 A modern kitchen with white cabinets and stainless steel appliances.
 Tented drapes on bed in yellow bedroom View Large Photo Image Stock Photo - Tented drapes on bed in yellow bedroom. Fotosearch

--

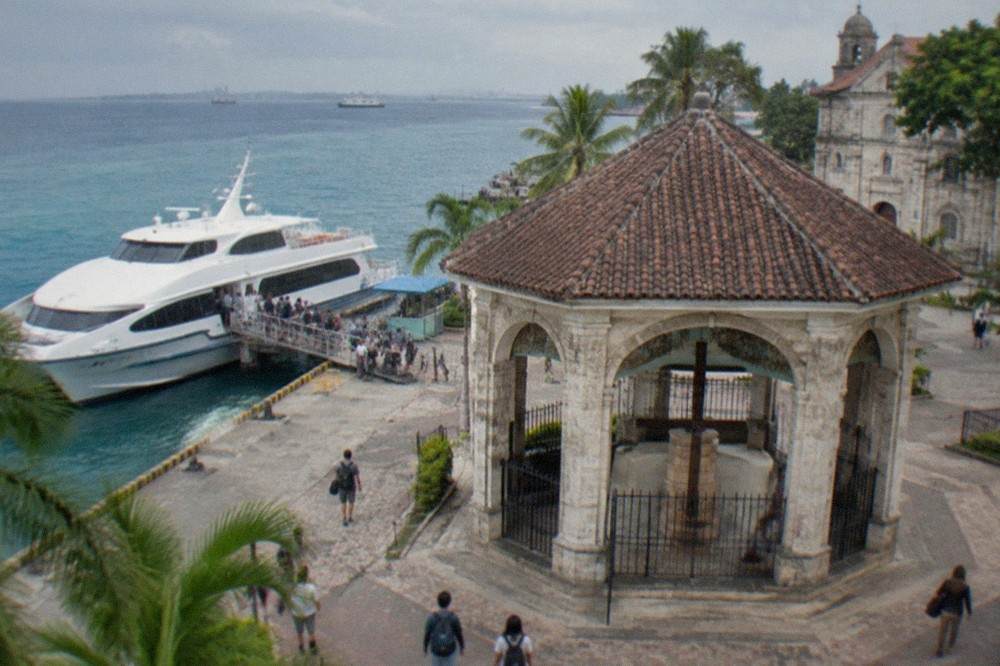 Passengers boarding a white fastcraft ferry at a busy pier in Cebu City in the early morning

* * *

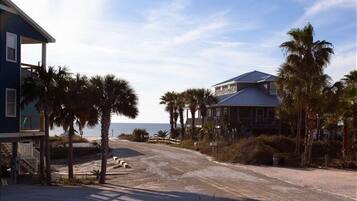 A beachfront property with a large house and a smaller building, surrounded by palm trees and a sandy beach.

## WHAT YOU SHOULD DO
Please reproduce the lines from the line with "A modern kitchen" to the line with "Tented drapes on bed in yellow bedroom View", both ends included, exactly as they appear above.

## SOLUTION FOR THIS EXERCISE
 A modern kitchen with white cabinets and stainless steel appliances.
 Tented drapes on bed in yellow bedroom View Large Photo Image Stock Photo - Tented drapes on bed in yellow bedroom. Fotosearch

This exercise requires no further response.